Assignment 7, due Apr. 2

Part of the homework for 22C:112, Spring 2010
by Douglas W. Jones
THE UNIVERSITY OF IOWA Department of Computer Science

Always, on every assignment, please write your name legibly as it appears on your University ID and on the class list! All assignments will be due at the start of class on the day indicated (usually a Friday). The only exceptions to this rule will be by advance arrangement unless there is what insurance companies call "an act of God" - something outside your control. Homework must be turned in on paper and in class! Late work may be turned in to the teaching assistant's mailbox, but see the late work policy. Never push late work under someone's door!

  1. Background: Read the Unix manual pages on the mmap() and shmat() system calls. These system calls were added to Unix as afterthoughts, and since there were multiple development thinking in the same direction, both got added and developed user communities. You may need to read the man pages for some of the commands listed in the see also sections to answer all of the following. (Note: These were independently developed and added to different versions of Unix independently, and each developed a user community -- as a result, most Unixes today support both.)

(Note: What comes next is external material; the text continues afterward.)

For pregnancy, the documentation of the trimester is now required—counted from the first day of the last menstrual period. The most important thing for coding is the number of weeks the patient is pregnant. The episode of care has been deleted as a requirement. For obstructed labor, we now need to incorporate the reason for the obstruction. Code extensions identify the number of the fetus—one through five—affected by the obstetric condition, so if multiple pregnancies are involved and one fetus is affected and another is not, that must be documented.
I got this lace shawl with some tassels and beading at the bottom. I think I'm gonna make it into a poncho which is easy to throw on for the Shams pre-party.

    a) These do many of the same things. Describe the common core of functionality they share, from the user's perspective. (0.5 points)

    b) With reference to the memory map of the calling process, describe how the start argument of the mmap() function must operate. For full credit, your description must explain why start operates as a hint. (0.5 points)

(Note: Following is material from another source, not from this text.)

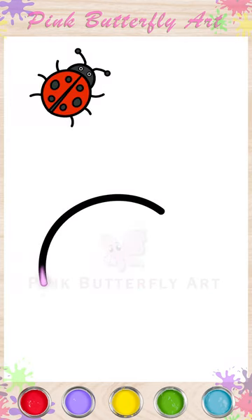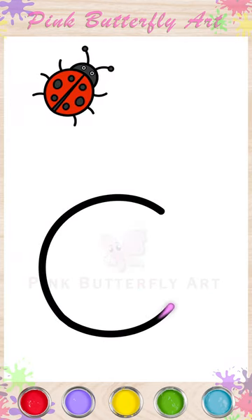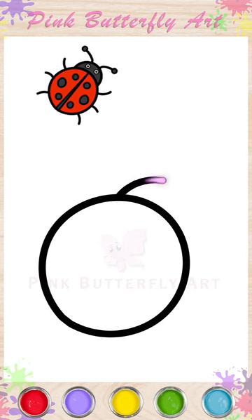Hello friends, it's pinky time. For today's video, join me as we draw a ladybug.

  2. Background: In a classical virtual memory system for a computer with just one address space, the user's page number is also used as the sector number on the disk used as backing storage when that page is not held in a frame of main memory.

    In a system that supports the mmap system call, a different approach must be used. If you know from the start that you are going to support mmap(), you should use mmap() to link the code, static and stack segments to their backing storage as well as using it for files that a user elects to access through mmap().

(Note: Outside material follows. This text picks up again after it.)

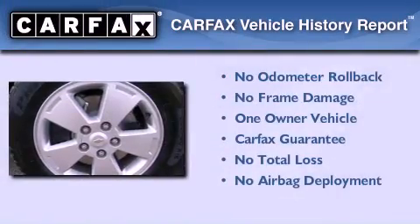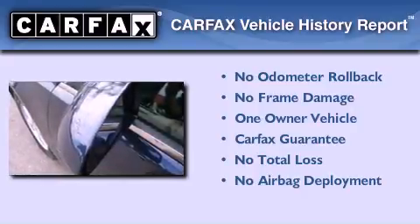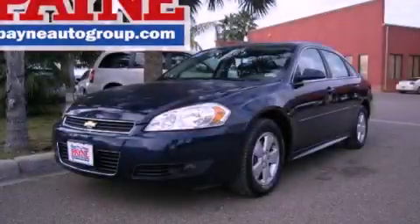This Chevrolet has had only one owner and it qualifies for the Carfax buyback guarantee. Call or visit us right now and arrange your test drive today.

    a) When the time comes to move a page between main memory to backing store, how does the system find the appropriate disk address. You may need to invent some auxiliary data structures besides the page table in order to make this feasible. Assume that there is no pre-computation of disk addresses associated with each virtual address. Your answer must relate what you know about file systems to what you know about virtual memory. (0.5 points)

    b) Explain the potential improvement in system performance that would result from pre-computing the disk address associated with each page-table entry. Your discussion must build on part A by explaining the part of the cost of accessing a page that is avoided by this precomputation, and estimating its potential best-case and worst-case magnitude. (0.5 points)

    c) How would your answer to the first two parts of this problem change if you had enforce the constraing that mmaped files must start on a hardware segment boundary (assuming a paged-segmented virtual memory model). (0.5 points)

  3. Background: Suppose you use mmap() to bring a file into your address space, and you build data structures in that file, linked lists, trees and similar things. Each time you map that file into your address space, you give the system the same hint about start, but the system is not guaranteed to take the hint. It could use a different starting address each time.

    A Problem: What can you do, as a programmer, to tolerate this? Solve the problem in C. (0.5 points)

Machine Problem 4, due Apr. 7

Write a program that uses mmap() to read and list a text file to the screen. It should take the file name as a command line argument, and it should output the lines with a leading dash on each line.

As usual, submit your source file as mp4.c.